Intern Reed C McDonough – freshman Meteorology and Broadcast Journalism major working under Dr. Shuyi Chen at the University of Miami’s Rosenstiel School.
Throughout the summer, I’ll be collecting and organizing wind speed forecasting data from the UMCM-WMH model (University of Miami Coupled Model) for the summer months of 2012 and the winter months of 2013. Then, I’ll be comparing this data with observed wind speed conditions that come from a satellite called OSCAT, which orbits our planet continuously everyday. My goal is to improve the accuracy of the model’s forecasts. Then, I will collaborate with CARTHE scientists to figure out how this information can be used to understand oil transport.

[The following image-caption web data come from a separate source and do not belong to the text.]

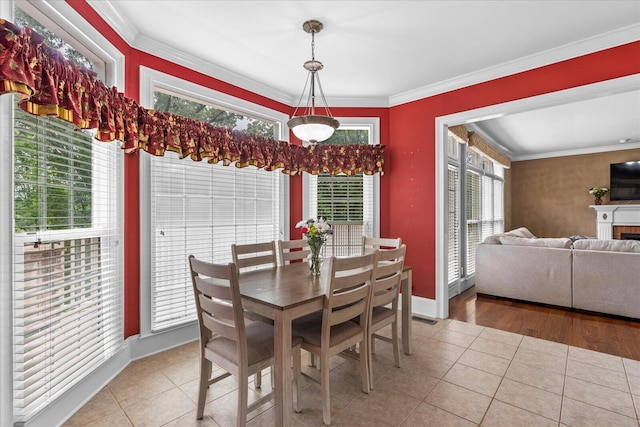 tiled dining room featuring crown molding and baseboards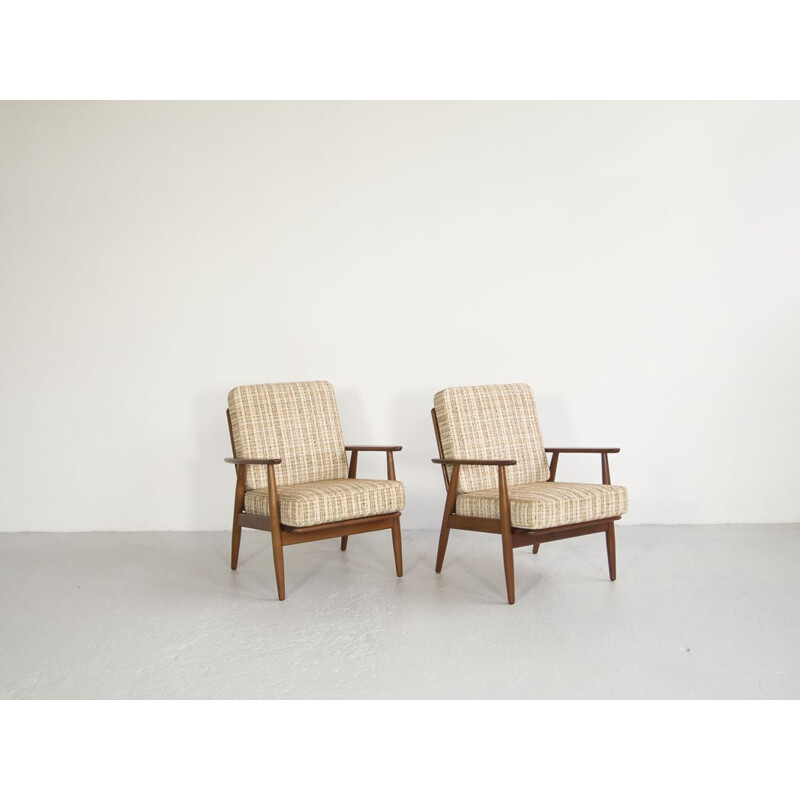 Set of 2 vintage Danish armchairs in solid teak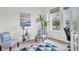 Bright office with large windows and serene decor, ideal for remote work at 11626 Blue Woods Dr, Riverview, FL 33569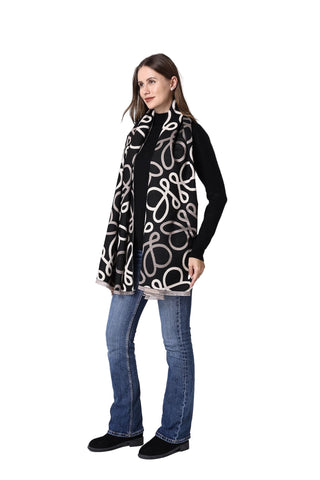 Woman wearing a black and white patterned scarf on a white background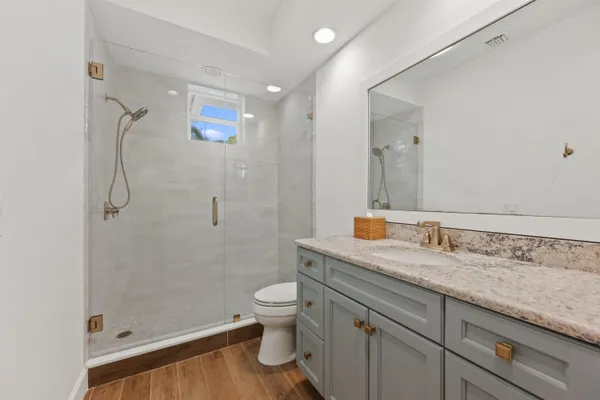 a bathroom with a granite countertop sink a toilet and shower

When thinking about oil flowing along in the twists and turns of ocean currents, most people tend to focus on just that – the ocean. However, it is equally as important to look at how the atmosphere, or the air above the water is behaving. Many things push and pull ocean currents, including different temperatures in the water, different salinity, or salt content. But another, sometimes forgotten, variable that significantly affects the ocean is wind. For example, a fairly complicated principle regarding winds and ocean is that the surface water tends to move at an angle 45˚ to the right of the wind above it (45˚ to the left in the Southern Hemisphere). This creates movements in the ocean called Ekman Currents, or Ekman Transport. Take a look at this image:
As you travel farther down in the ocean, the currents keep moving 45˚ to the right of the currents just above them, thus the overall movement of the water is due right of the wind. This plays a major factor in figuring out where exactly oil, say 30 feet below the ocean surface, will end up. Is it going to end up on your local beach? Or is it going to drift off to somewhere else in the vast ocean and affect someone else? That’s what I’m trying to help figure out!
I’m nervous about diving into this, as I’ve never been exposed to the complicated computer languages that are used to gather and organize all this data. I started learning a language called MATLAB back in January 2014, but now it’s time to actually put it to use. I’m sure there will be many hard hours ahead, but I am surrounded by experts who will lend me a hand!